日本市場では、ID.4やQ4にはAWDグレードが設定されていませんが、仮に設定された場合でも航続距離の短さからAWDグレードを避ける必要はないと考えられます。タバスカンは、クプラブランドの電動SUVとして、ユニークなデザインと高い性能を兼ね備えた魅力的な車種となっています。

タバスカンの最大の注目点は、そのユニークな内外装デザインで、大衆車ブランドであるクプラがスタイリッシュなエクステリアデザインを持っています。また、インテリアも非常にモダンで、プレミアムセグメント級の装備が充実しています。中国で生産され、欧州に逆輸入されるタバスカンの販売台数には期待が持てます。

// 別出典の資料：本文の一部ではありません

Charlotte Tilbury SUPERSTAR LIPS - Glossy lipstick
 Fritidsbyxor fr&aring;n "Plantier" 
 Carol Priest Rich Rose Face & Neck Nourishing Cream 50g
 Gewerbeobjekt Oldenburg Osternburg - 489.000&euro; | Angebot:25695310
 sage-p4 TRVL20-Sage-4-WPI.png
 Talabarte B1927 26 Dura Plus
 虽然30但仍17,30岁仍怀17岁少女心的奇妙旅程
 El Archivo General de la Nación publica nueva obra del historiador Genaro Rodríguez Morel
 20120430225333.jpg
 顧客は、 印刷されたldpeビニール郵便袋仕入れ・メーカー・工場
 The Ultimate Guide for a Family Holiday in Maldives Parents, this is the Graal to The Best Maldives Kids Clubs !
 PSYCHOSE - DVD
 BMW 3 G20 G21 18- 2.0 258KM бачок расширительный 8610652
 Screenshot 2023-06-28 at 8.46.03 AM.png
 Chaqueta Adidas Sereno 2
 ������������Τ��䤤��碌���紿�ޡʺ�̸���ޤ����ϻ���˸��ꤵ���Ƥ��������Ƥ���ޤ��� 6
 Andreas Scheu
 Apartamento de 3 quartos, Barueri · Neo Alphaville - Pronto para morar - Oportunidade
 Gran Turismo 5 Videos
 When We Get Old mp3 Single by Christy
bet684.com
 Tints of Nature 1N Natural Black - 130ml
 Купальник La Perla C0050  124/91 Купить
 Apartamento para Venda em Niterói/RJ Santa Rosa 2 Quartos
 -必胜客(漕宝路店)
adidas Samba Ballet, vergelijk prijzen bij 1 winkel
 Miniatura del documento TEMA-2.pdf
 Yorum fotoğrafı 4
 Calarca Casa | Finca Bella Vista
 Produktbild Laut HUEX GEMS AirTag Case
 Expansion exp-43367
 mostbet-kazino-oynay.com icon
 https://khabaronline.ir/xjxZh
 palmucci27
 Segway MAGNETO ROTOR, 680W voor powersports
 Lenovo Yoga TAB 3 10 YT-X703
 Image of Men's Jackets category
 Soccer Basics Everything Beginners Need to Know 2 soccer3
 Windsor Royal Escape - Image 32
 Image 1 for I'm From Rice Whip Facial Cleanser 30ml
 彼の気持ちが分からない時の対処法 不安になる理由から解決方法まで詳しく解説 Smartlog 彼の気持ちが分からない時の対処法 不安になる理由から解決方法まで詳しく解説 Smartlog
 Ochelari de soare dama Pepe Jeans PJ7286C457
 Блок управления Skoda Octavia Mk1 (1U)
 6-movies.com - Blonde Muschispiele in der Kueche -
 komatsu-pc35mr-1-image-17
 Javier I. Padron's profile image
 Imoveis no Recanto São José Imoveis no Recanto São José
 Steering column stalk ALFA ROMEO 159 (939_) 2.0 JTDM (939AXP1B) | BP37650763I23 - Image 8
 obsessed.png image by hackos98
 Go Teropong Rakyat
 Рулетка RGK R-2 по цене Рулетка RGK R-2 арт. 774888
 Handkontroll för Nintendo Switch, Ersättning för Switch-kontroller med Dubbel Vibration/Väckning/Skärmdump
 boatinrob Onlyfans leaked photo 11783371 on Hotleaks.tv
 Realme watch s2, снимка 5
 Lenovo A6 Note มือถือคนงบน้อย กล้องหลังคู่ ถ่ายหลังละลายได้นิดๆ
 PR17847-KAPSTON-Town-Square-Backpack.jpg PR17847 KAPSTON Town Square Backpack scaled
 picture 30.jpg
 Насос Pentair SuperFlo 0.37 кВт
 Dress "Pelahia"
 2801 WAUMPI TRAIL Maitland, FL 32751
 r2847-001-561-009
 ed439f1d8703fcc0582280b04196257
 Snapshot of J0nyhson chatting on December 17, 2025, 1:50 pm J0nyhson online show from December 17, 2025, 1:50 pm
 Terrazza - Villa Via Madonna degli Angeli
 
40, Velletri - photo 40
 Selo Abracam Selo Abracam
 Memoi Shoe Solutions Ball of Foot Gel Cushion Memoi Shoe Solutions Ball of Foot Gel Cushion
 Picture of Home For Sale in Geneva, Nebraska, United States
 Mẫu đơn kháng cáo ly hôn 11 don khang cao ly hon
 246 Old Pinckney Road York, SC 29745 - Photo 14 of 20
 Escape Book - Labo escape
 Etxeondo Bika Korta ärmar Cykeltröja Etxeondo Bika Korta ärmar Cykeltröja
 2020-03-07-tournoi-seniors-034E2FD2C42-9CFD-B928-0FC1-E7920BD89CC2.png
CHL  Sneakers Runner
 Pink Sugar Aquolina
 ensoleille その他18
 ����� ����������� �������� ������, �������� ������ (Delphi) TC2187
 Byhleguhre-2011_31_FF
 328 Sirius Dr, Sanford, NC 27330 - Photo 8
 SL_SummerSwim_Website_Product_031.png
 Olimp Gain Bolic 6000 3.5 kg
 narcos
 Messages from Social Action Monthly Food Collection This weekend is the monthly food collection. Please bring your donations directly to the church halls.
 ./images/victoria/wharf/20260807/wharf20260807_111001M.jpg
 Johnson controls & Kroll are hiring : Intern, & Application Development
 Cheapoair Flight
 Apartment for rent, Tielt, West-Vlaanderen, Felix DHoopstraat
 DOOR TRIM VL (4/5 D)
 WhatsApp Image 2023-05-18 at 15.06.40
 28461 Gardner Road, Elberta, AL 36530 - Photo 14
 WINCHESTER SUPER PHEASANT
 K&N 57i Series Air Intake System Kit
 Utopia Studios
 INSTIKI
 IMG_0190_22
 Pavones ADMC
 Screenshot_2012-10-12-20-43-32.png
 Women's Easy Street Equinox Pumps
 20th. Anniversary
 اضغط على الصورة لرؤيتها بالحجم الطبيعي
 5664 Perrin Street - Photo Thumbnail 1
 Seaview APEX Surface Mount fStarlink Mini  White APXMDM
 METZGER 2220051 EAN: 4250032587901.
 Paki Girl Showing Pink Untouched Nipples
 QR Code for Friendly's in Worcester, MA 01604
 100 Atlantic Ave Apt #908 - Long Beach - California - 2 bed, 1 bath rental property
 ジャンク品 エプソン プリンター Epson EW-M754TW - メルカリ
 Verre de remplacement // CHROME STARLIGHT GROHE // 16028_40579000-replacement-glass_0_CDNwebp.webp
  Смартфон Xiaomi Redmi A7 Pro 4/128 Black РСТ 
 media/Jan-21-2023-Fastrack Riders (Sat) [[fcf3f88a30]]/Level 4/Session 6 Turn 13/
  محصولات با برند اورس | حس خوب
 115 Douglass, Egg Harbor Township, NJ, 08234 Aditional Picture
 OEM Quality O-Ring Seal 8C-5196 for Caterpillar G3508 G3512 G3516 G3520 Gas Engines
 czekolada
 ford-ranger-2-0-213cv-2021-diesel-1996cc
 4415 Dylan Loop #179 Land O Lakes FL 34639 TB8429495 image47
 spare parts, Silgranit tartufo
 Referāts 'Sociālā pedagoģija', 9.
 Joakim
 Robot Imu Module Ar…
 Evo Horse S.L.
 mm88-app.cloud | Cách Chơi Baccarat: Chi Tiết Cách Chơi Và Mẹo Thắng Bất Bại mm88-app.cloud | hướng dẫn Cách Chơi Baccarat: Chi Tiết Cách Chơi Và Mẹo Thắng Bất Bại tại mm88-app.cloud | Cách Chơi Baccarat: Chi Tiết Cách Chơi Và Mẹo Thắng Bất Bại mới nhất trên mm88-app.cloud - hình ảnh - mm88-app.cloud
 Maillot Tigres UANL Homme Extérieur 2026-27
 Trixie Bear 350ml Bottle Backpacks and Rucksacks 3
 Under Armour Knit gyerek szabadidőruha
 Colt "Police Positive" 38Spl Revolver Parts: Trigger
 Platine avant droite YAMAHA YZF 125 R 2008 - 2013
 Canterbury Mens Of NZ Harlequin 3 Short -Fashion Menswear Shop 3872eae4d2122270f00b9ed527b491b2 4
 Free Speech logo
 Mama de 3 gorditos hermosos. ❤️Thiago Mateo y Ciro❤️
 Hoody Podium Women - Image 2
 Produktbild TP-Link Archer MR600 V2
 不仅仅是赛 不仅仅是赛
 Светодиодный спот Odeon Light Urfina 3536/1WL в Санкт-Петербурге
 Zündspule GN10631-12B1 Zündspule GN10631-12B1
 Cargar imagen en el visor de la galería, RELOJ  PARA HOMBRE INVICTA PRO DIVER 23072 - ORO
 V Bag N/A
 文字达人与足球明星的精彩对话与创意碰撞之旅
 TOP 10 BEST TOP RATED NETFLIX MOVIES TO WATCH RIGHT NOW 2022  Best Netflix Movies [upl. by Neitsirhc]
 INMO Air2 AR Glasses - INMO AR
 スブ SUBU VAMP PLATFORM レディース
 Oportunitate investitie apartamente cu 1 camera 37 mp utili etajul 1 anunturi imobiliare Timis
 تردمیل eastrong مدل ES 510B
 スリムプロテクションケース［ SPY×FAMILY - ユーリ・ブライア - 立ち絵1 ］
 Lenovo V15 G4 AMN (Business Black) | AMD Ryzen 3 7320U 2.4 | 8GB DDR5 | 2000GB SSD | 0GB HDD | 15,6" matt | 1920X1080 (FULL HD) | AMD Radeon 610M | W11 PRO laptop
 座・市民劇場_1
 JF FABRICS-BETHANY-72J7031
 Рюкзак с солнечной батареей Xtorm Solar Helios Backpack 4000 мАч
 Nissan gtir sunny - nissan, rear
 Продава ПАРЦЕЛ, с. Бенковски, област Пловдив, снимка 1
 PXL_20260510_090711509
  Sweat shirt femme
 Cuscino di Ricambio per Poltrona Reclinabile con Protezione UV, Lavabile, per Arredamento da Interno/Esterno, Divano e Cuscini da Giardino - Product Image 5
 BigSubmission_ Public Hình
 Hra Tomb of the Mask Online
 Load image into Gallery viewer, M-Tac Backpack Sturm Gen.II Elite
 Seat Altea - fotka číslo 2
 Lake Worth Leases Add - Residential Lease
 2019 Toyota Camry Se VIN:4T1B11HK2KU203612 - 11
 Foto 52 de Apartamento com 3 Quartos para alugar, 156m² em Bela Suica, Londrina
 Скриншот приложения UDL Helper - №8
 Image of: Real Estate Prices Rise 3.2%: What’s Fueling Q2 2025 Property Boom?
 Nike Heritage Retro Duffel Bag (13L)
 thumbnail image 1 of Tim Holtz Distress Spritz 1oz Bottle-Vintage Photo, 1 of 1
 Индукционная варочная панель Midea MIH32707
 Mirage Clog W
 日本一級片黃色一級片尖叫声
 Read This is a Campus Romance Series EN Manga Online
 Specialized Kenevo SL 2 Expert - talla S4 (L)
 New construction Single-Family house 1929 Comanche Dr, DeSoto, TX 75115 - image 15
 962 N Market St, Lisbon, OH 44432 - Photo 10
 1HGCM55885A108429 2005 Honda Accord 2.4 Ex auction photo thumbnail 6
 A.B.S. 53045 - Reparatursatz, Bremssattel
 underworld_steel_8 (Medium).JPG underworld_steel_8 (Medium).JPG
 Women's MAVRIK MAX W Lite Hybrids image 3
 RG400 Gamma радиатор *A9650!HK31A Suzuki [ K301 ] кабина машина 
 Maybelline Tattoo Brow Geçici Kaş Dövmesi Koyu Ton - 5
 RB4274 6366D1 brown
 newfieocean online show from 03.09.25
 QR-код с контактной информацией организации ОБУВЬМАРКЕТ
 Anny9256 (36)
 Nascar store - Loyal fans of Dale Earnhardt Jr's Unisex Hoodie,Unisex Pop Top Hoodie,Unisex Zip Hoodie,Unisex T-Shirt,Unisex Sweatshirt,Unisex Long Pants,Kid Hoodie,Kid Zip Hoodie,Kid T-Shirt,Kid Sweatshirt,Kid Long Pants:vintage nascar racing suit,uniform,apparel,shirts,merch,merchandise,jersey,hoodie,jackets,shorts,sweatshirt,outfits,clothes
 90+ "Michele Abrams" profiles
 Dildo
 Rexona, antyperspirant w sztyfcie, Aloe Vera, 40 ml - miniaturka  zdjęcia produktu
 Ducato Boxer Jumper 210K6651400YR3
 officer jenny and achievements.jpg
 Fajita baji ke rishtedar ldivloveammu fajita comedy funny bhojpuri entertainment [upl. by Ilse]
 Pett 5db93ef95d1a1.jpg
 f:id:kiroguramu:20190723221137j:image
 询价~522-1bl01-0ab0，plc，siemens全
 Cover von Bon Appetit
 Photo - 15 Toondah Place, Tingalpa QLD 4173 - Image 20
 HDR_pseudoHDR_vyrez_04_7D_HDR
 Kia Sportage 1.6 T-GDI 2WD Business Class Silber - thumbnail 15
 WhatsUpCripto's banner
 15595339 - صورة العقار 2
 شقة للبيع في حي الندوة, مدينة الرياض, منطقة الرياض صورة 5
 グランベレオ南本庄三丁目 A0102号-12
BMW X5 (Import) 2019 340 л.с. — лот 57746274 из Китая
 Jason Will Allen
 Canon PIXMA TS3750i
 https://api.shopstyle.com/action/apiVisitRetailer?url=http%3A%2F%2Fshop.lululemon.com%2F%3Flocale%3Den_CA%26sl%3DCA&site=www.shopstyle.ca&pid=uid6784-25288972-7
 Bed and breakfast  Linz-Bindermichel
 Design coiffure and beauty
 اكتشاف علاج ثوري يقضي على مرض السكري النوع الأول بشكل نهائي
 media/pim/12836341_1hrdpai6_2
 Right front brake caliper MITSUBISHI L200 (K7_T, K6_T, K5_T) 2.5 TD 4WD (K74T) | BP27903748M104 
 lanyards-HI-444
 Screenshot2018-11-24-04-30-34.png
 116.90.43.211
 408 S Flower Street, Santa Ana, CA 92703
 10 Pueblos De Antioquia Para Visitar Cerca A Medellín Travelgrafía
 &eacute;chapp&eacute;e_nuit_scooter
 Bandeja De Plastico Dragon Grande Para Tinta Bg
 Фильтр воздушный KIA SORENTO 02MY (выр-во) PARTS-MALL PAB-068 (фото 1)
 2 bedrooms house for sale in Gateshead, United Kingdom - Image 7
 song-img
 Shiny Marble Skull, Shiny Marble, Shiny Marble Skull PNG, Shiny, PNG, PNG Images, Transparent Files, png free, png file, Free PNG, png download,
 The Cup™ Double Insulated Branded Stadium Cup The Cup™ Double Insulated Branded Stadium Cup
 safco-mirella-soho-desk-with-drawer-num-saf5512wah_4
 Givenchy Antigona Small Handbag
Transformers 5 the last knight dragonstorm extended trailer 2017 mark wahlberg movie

フォルクスワーゲングループは、ID.7やタバスカンなどの新型EVを投入して欧州や北米市場でシェアを伸ばそうとしていますが、中国市場では厳しい戦いが続くでしょう。中国メーカーやテスラのソフトウェアの完成度に比べ、フォルクスワーゲンはまだ見劣りします。ソフトウェア面の完成度を高めない限り、高品質なEVを投入しても中国市場では通用しないでしょう。

一方で、日本の自動車メーカーは、中国市場で多くのEVをラインナップできていない状況が続いており、今後の動向に注目が集まります。2023年シーズンの日本メーカーの販売動向は、ますます見逃せません。